SUPPLIED RECORDS:
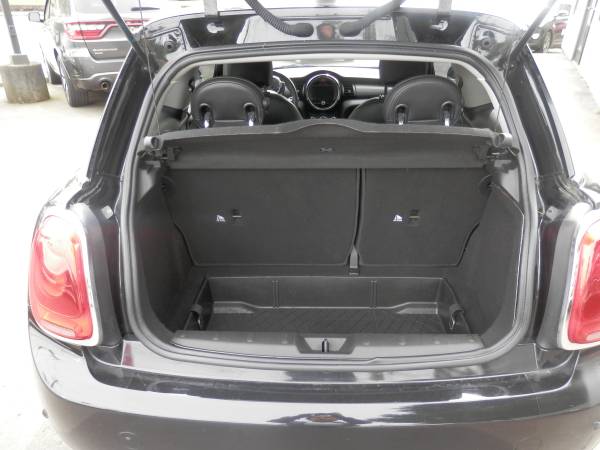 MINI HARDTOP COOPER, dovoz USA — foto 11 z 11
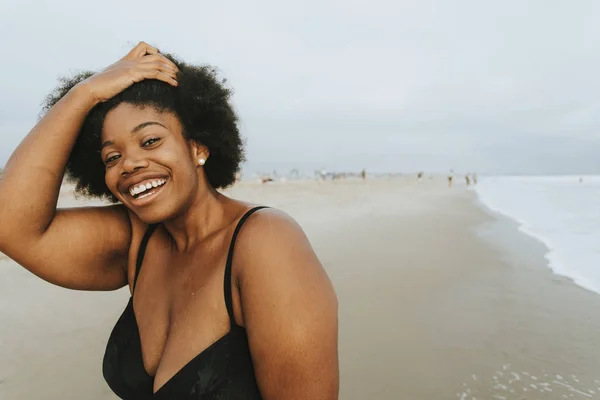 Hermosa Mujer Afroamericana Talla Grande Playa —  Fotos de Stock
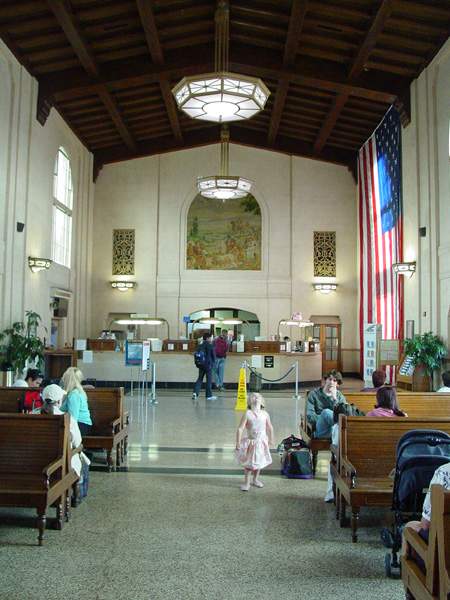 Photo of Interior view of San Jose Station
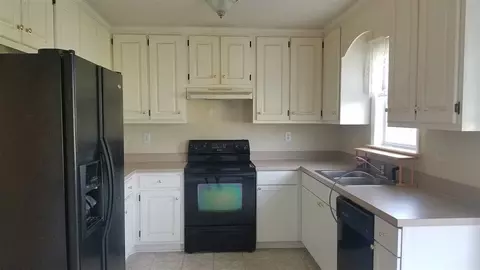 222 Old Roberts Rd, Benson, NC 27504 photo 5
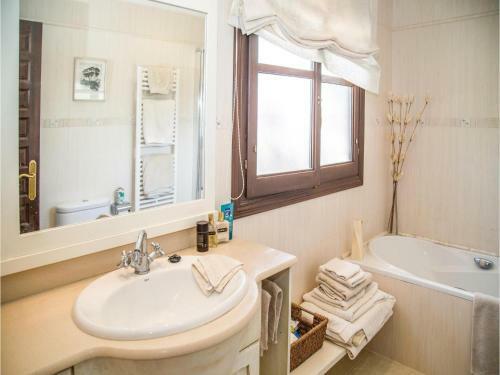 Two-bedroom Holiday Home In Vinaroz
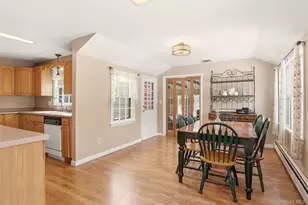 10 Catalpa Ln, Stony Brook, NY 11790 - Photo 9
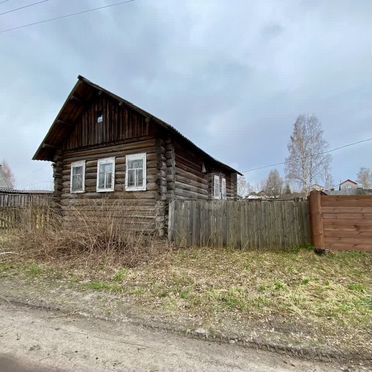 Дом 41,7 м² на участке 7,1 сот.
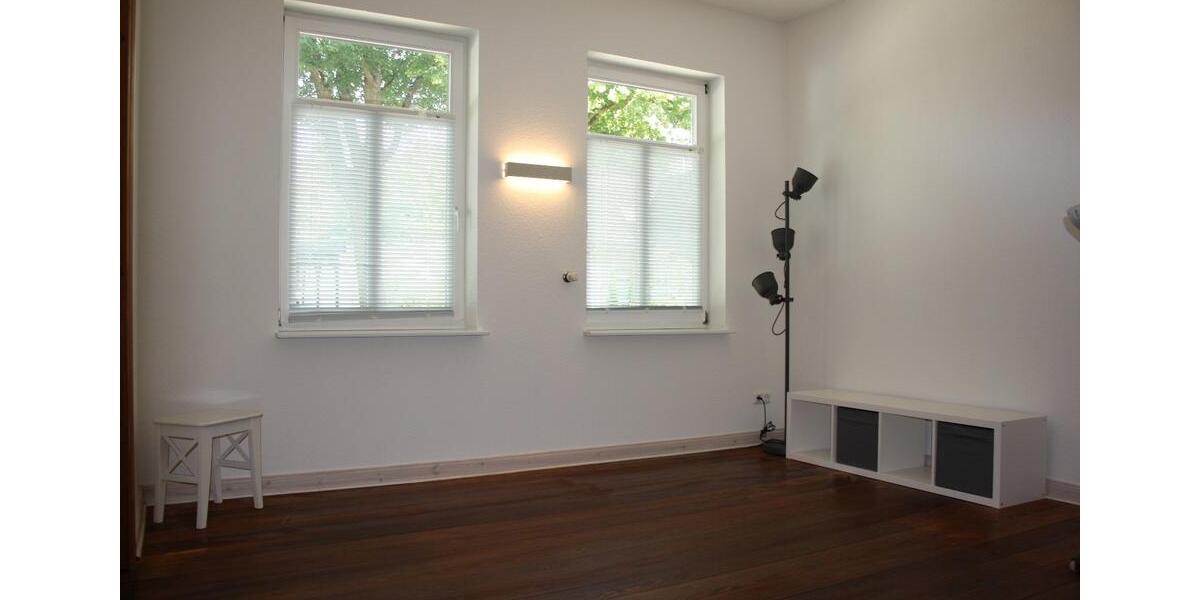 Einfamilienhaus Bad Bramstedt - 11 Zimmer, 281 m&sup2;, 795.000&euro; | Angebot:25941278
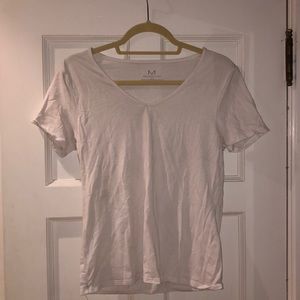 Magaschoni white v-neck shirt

PROBLEM DESCRIPTION:
Word for word, print the material above, but without its pictures.

SOLUTION TO THE PROBLEM:
 MINI HARDTOP COOPER, dovoz USA — foto 11 z 11
 Hermosa Mujer Afroamericana Talla Grande Playa —  Fotos de Stock
 Photo of Interior view of San Jose Station
 222 Old Roberts Rd, Benson, NC 27504 photo 5
 Two-bedroom Holiday Home In Vinaroz
 10 Catalpa Ln, Stony Brook, NY 11790 - Photo 9
 Дом 41,7 м² на участке 7,1 сот.
 Einfamilienhaus Bad Bramstedt - 11 Zimmer, 281 m&sup2;, 795.000&euro; | Angebot:25941278
 Magaschoni white v-neck shirt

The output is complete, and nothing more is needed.